# new to palm beach



## joeyo90 (Nov 5, 2006)

Hey everyone, it's been awhile. I graduated college not long ago and think its about time to get back into the hobby! I'm new to the west palm area and was wondering if anyone knows good spots to get all of the stuff I don't want shipped (tanks). Also any kind of shows in the area, I figure in Miami or Lauderdale there have to be some good ones. Anyway thanks for looking and thanks for the help


----------



## TropicalDartFrogs (Feb 21, 2012)

Welcome back!
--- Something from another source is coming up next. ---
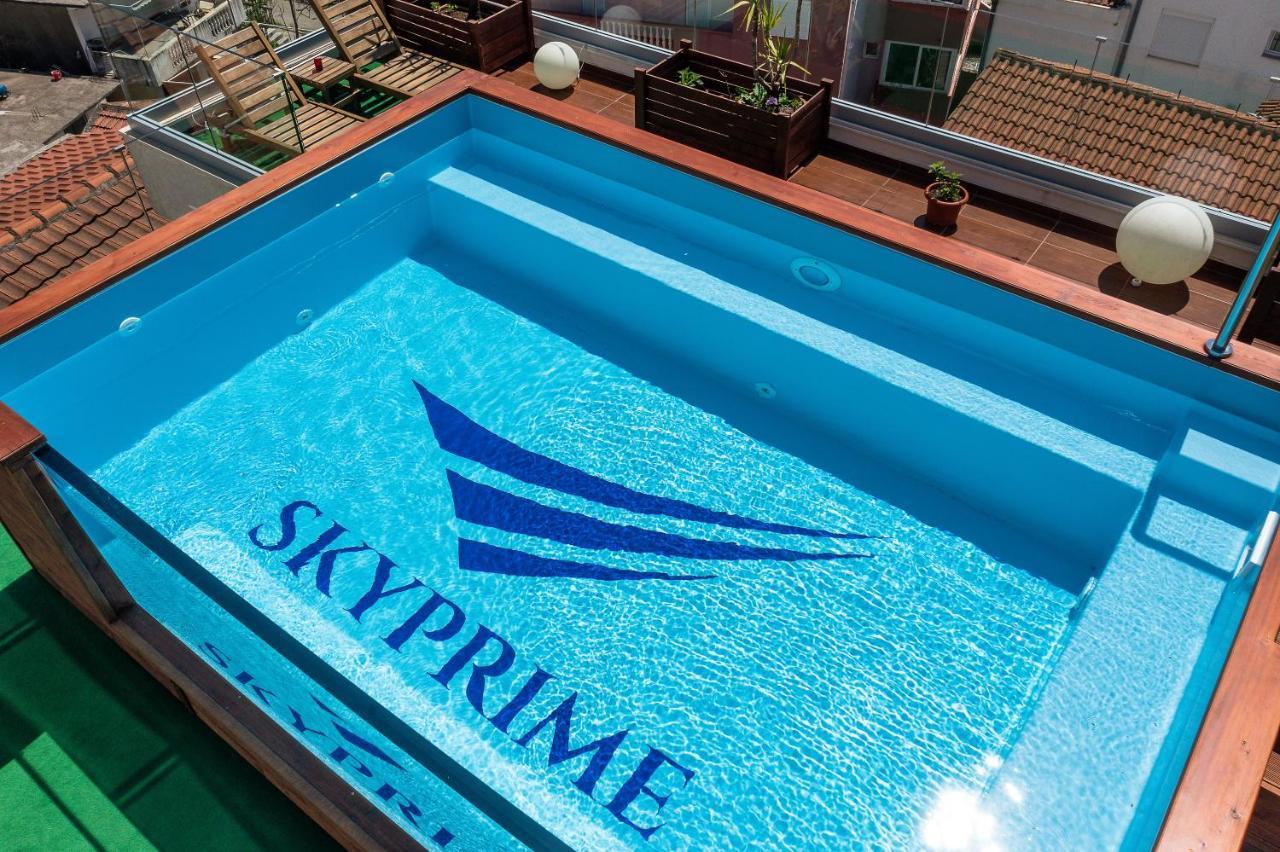 Villa Skyprime Μπούντβα Εξωτερικό φωτογραφία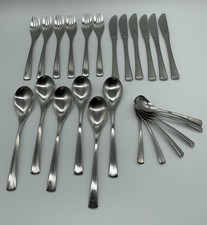 WMF Cromargan Brasilia Menü- Tafelbesteck mit Kaffeelöffeln 24 tlg. 6 Personen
PM sent.


----------



## randommind (Sep 14, 2010)

perfect timing.....
http://www.dendroboard.com/forum/southeast/78340-west-central-gulf-coast-florida-froggers-event.html


----------



## RarePlantBroker (Aug 3, 2008)

Nice to have more FL froggers...

If you need some help locating plants and/or nurseries, shoot me a PM.


----------



## JimO (May 14, 2010)

You definitely need to come to the meet this Saturday.  Check out the thread randommind linked to.


----------



## joeyo90 (Nov 5, 2006)

Thanks for the responses guys! Unfortunately I'm a chef and getting a Saturday off wouldn't be very easy, I would love to come if I could. Help finding knowledgeable nurseries would be great, most of the ones in the area can't provide with much information about their plants.


----------